Sviluppato dallo studio indipendente sudafricano Nyamakop, Relooted è il primo heist game africano che ruba ai musei occidentali per restituire i tesori al loro popolo. Ambientato in un ipotetico futuro afrofuturista, il videogioco parte da un Trattato Transatlantico che promette la restituzione dei reperti africani esposti nei musei occidentali e che mette il giocatore nei panni di “ladri etici” africani. L’obiettivo? Rubare opere d’arte trafugate nei secoli dell’imperialismo europeo e restituirle ai loro legittimi proprietari.


Presentato al Summer Game Fest e Day of the Devs, Relooted ha attirato l’attenzione di critica e diaspora africana, suscitando dibattiti sugli effetti simbolici della restituzione culturale. Il trailer ha generato milioni di visualizzazioni, puntando l’accento sul dualismo tra intrattenimento stealth-action e un messaggio sociale altamente evocativo. L’idea di base è in realtà è fortemente radicata nella realtà, visto che si stima che oltre il 90% del patrimonio culturale africano sia conservato fuori dal continente, spesso in musei come il British Museum, il Louvre, o il Musée du Quai Branly.

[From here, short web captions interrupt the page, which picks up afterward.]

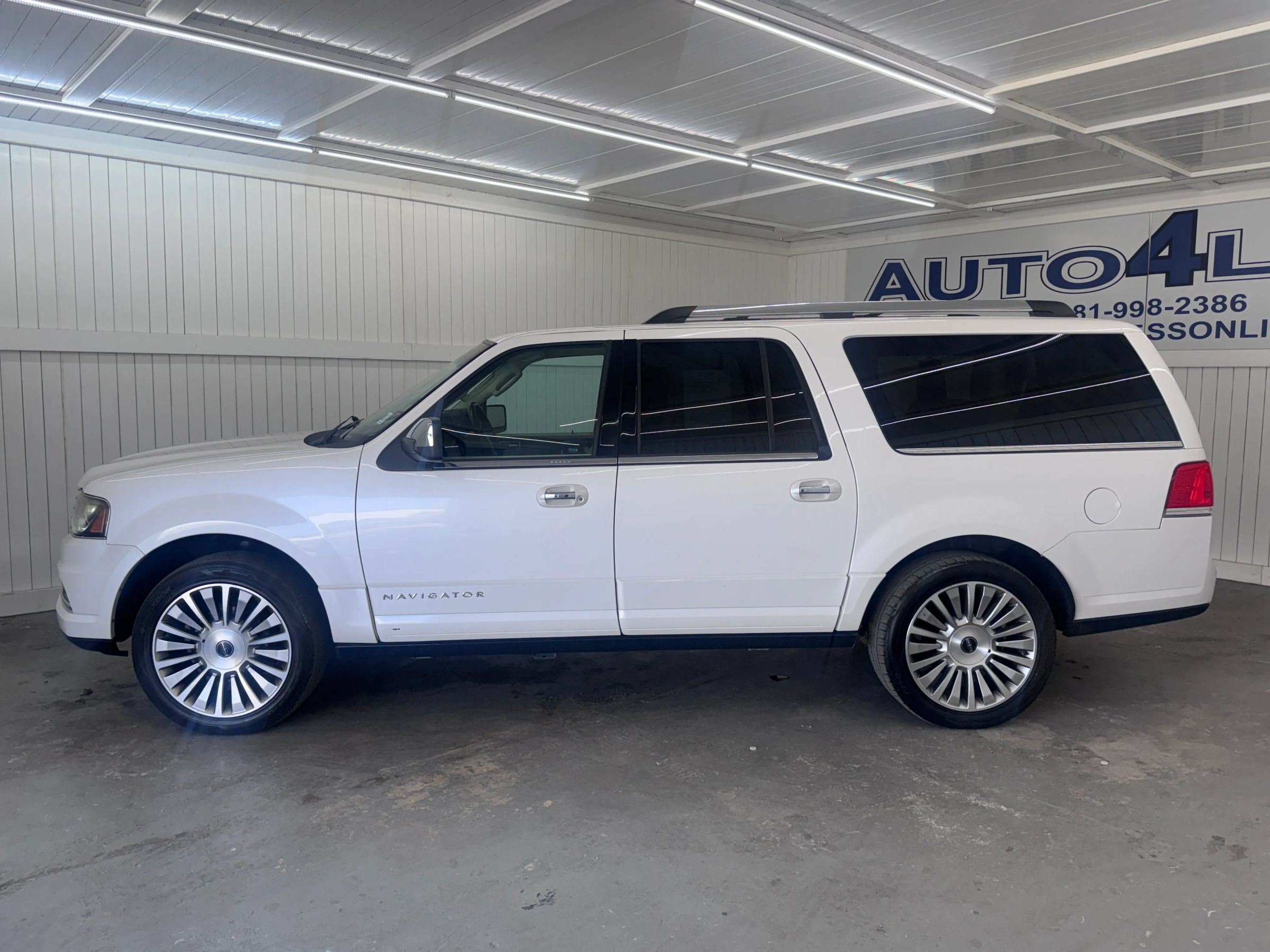 Used 2015 Lincoln Navigator L 2WD w/ Equipment Group 101A Reserve image 8
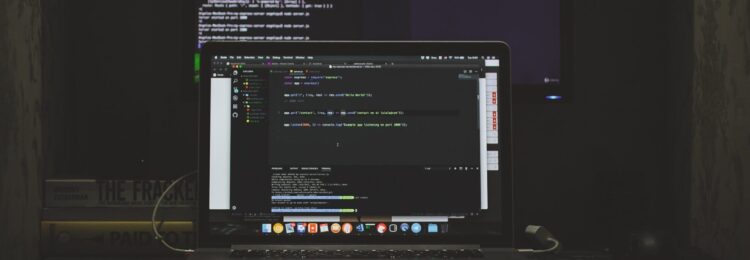 自定義 CMS：優(yōu)點和缺點。 投資自定義內(nèi)容管理系統(tǒng)是個好主意嗎？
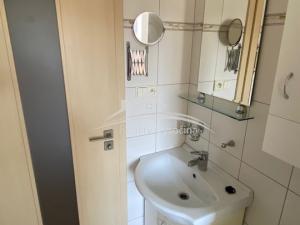 Pronájem bytu 2+1, Jihlava, Vrchlického, 51 m2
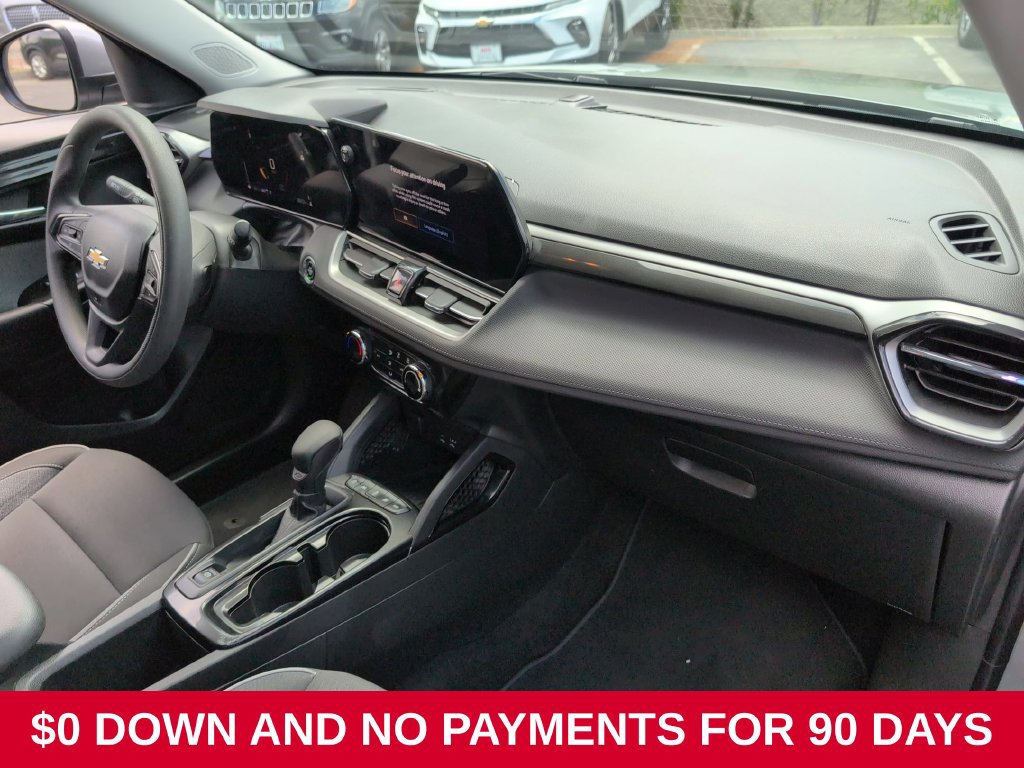 Used 2025 Chevrolet TrailBlazer LT AWD/4WD image 32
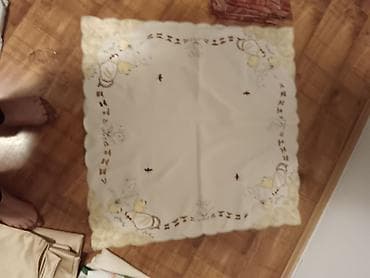 l profili cena: Uskršnji dekorativni stolnjaci – set od 4 komada - Kvadratni — 2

Il videogioco dagli oggetti reali e dalle storie vere
Il team di Nyamakop ha lavorato per oltre due anni nella ricerca di reperti realmente esistenti. Tra i più emblematici ricordiamo il Broken Hill Man, un cranio umano fossile ritrovato in Zambia, attualmente a Londra; la Ngadji Drum, un tamburo sacro dei Pokomo, rimosso in Kenya nel 1902; i Bronzi del Benin ovvero capolavori dell’arte nigeriana, solo in parte restituiti negli ultimi anni e infine le maschere fang del Gabon. Ognuno di questi artefatti è stato ricostruito con scansioni 3D fedeli e arricchito da testimonianze di storici, custodi di comunità e attivisti culturali; inoltre, ogni oggetto trafugato sblocca una sequenza narrativa che racconta la sua origine, il furto coloniale e il valore culturale per le comunità africane.

Così, in un mondo dove spesso i videogiochi raccontano storie fittizie o guerre lontane, Relooted rompe gli schemi e s’inserisce con forza nel dibattito globale sul colonialismo, l’identità culturale e la giustizia storica, ponendosi come riflessione interattiva su eredità coloniale, restituzione culturale e riscatto dell’identità africana.